The resting place of our greatest President. Washington and FDR faced their challenges, but no president faced the kind of challenge Lincoln faced…Civil War. As we toured the Lincoln Library, tomb and memorial and his Springfield neighborhood I pondered the life and times of old Abe. A man beset by such tragedy. He buried his Mom at the age of nine. He buried his first love in his twenties. He buried three of his four children. His wife suffered from severe depression, never able to come to terms with the deaths of three of her four children, making his home life very challenging. He was vilified and mocked in the press. His political opponents referred to him as an ape. Even his Gettysburg Address was initially panned by the press. “A flat failure, and the people are disappointed”.
Through it all Lincoln stood tall and resolute. He defeated the rebels and saved the Union. Lincoln was the first member of the new Republican party to rise to the presidency. One does wonder what old Abe would think of the Republican party rallies today with all the flags of treason flying. None other than Robert E. Lee told his fellow southerners to bury the stars and bars along with the confederacy. General Lee refused to lend his name to fundraisers for the construction of confederate monuments and ordered his family not to bury him in his confederate uniform nor to have any symbols of the confederacy at his funeral. Sad that so many have failed to follow Marse Robert’s advice.
As to the Gettysburg Address…the premier orator of the times, Edward Everett, spoke for two hours before Lincoln spoke for two minutes, sent Lincoln a telegram the next day. “I wish I had come closer to the central idea of the occasion in two hours than you did in two minutes.”

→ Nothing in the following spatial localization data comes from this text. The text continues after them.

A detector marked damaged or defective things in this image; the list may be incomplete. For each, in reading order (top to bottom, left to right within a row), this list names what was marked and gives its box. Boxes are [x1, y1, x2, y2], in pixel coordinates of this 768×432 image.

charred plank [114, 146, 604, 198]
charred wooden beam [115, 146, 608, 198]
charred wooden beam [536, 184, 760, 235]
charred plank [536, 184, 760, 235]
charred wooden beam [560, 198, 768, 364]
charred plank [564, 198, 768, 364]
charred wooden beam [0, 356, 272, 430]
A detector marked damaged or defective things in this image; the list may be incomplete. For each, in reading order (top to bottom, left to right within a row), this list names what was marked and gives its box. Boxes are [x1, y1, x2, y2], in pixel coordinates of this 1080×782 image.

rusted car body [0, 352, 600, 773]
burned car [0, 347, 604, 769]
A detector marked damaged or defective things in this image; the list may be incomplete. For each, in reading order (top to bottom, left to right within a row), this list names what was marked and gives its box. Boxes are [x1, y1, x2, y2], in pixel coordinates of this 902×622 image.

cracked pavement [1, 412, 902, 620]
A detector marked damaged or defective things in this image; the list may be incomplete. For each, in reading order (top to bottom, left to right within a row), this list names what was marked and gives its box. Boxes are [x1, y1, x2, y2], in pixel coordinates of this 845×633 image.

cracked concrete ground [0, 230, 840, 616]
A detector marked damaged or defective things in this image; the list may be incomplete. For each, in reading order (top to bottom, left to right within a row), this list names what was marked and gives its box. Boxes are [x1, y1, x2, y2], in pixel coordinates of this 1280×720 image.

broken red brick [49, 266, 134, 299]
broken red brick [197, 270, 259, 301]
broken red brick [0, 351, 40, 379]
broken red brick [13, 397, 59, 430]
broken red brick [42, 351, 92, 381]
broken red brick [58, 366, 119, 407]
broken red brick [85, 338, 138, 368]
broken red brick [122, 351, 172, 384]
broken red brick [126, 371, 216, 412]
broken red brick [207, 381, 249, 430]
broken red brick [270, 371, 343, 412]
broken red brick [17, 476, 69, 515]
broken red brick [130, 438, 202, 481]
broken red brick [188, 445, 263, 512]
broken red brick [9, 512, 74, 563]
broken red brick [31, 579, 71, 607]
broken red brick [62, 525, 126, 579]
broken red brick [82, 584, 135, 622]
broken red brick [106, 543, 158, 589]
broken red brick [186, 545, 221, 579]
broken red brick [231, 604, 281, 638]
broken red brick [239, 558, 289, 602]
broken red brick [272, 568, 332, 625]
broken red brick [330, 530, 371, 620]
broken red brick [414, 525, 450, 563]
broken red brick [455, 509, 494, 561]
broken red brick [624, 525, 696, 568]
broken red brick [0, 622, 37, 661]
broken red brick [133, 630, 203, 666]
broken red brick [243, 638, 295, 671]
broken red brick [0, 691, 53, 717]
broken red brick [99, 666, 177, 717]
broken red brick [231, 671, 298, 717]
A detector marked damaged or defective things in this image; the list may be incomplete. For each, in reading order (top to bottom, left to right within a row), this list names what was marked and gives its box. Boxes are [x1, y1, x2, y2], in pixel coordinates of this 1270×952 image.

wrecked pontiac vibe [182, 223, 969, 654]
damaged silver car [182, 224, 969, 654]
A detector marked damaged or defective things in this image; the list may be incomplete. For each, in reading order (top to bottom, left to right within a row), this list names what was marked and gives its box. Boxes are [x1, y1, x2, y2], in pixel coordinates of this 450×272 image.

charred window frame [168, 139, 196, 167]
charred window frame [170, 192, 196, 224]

Edwin Stanton, Lincoln’s Secretary of War, said it best of Lincoln as Lincoln expired…
“now he belongs to the ages”.
Lincoln’s neighborhood in Springfield was turned into a National Historic site in 1971. Two blocks of buildings were purchased by the Park Service. Those that could be returned to their 1860’s appearance were, others in such a state of disrepair were torn down.
Lincoln’s Springfield home.
Lincoln Monument in Oak Ridge Cemetery, Springfield, Illinois. His resting place is beneath the monument.
Peace…Wanderers in Wonder.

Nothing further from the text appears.